■ WHAT THIS TASK INVOLVES: The copy you return must begin at the line containing "Glazed Gray and" and end at the final line of the listing below, with every picture left out.

■ INPUT RECORDS:
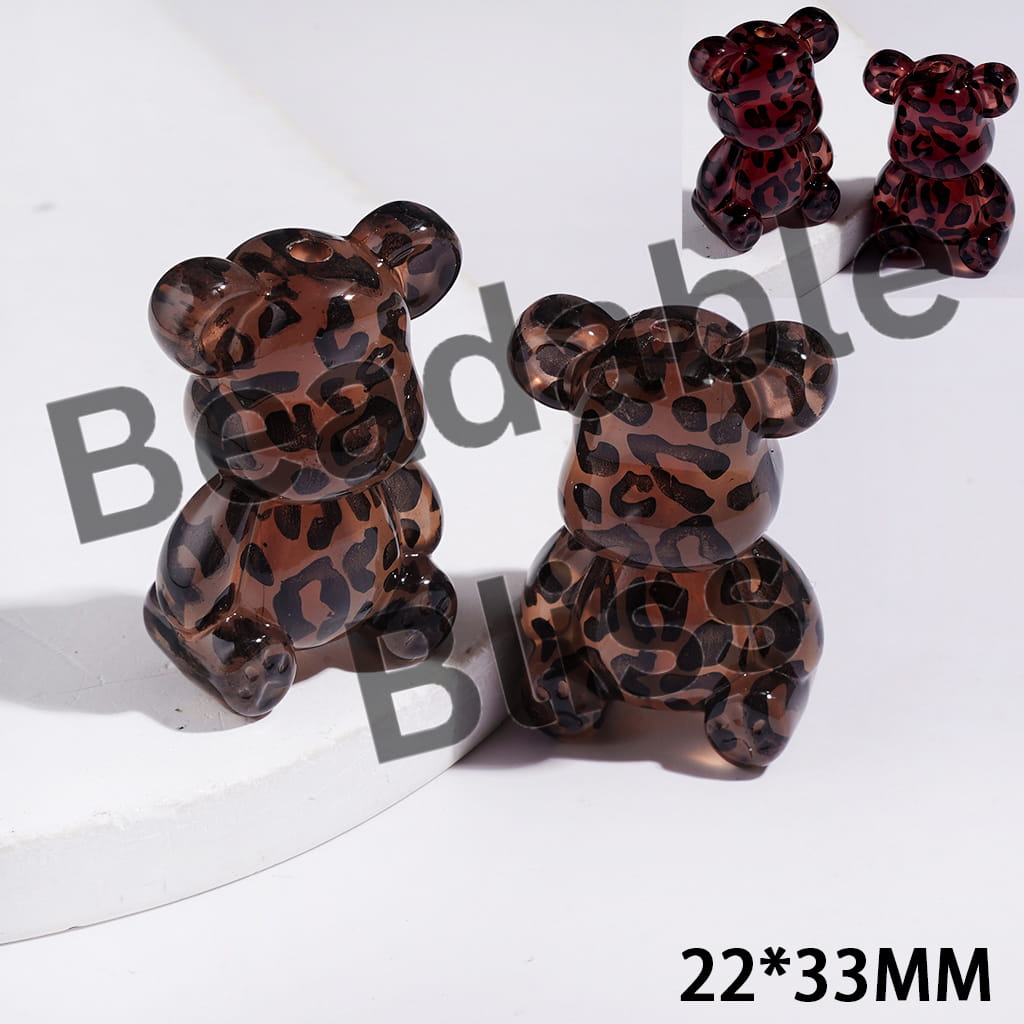 Red Brown Violent Bear with Jaguar Prints and Glitter Luminous Acrylic Beads, 22*23MM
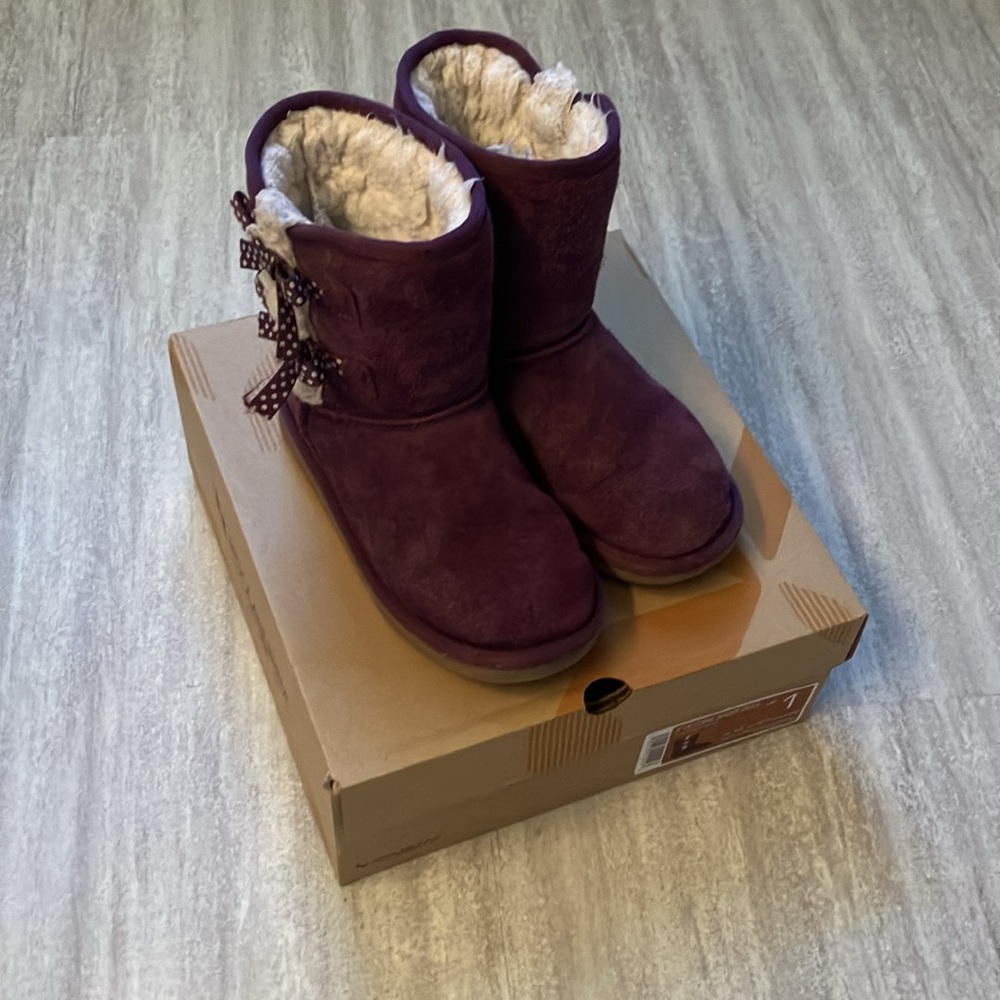 Koolaburra by Ugg “Victoria” short purple faux fur boots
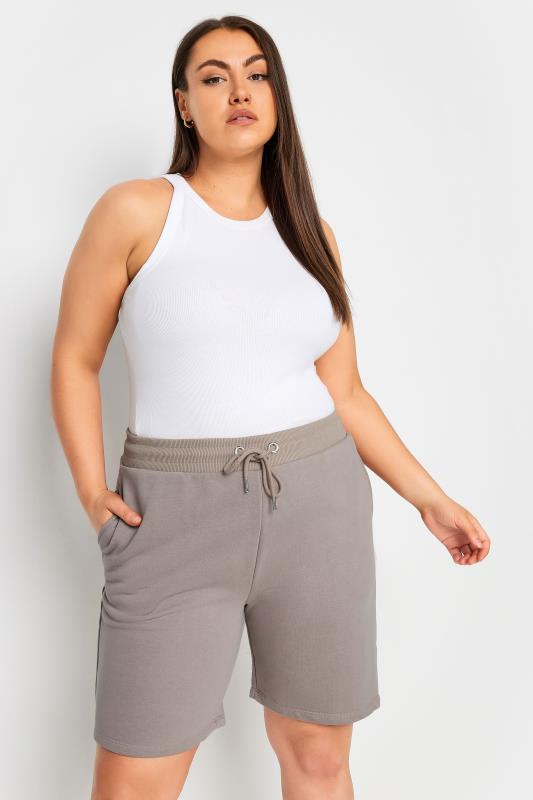 YOURS Plus Size Beige Brown Jogger Shorts | Yours Clothing 1
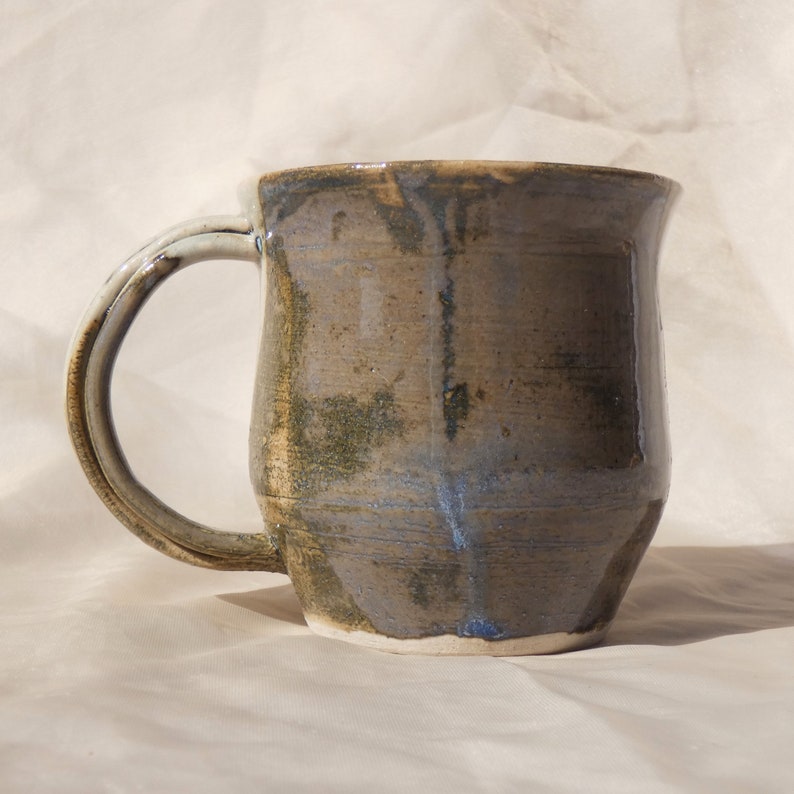 Glazed Gray and White Ceramic Mug Studio Pottery Handmade Signed Coffee Tea Cottage Neutral Farmhouse Gingerbread Girl image 2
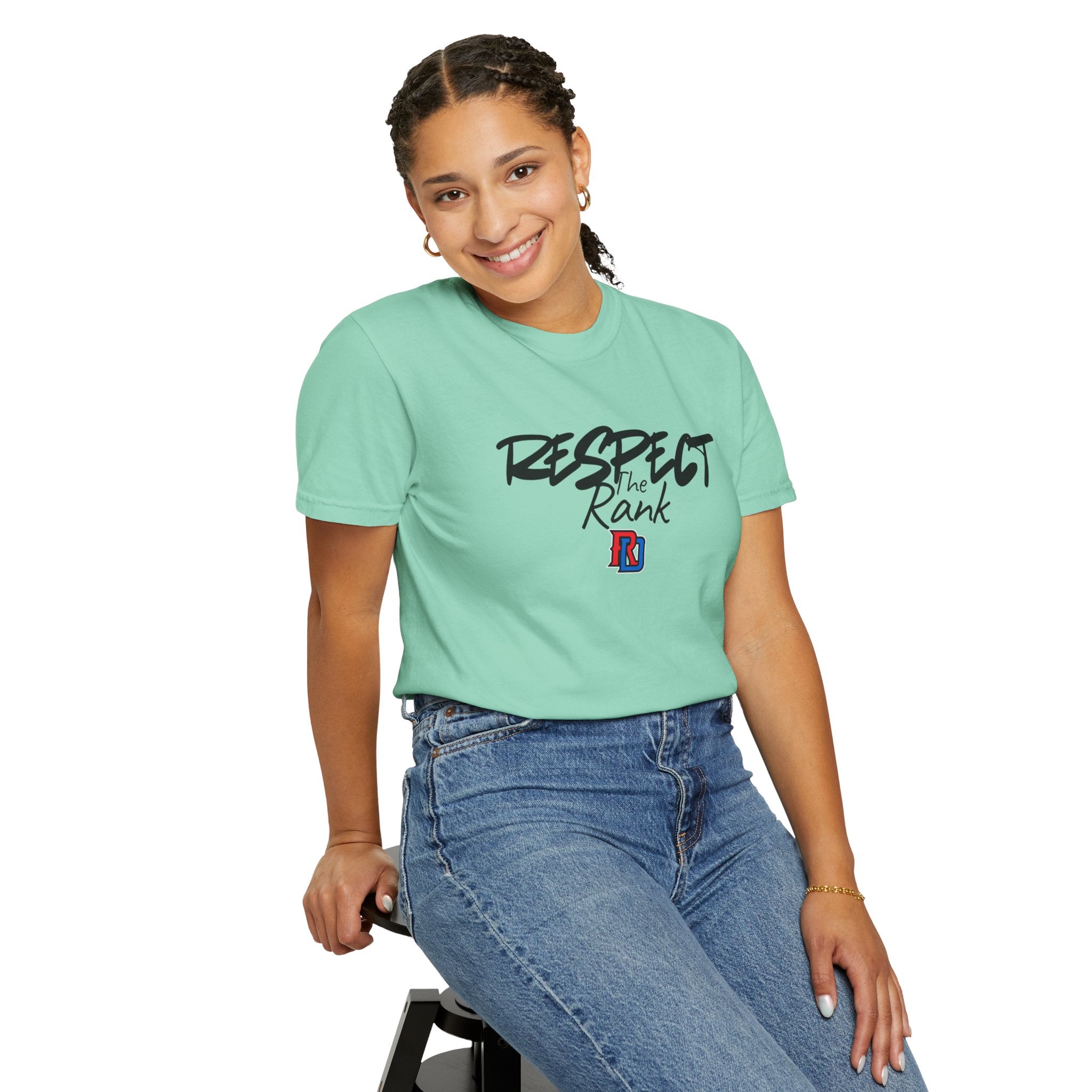 Respect the Rank Dominican Republic Baseball  Unisex Garment-Dyed T-shirt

■ SOLVED PROBLEM:
 Glazed Gray and White Ceramic Mug Studio Pottery Handmade Signed Coffee Tea Cottage Neutral Farmhouse Gingerbread Girl image 2
 Respect the Rank Dominican Republic Baseball  Unisex Garment-Dyed T-shirt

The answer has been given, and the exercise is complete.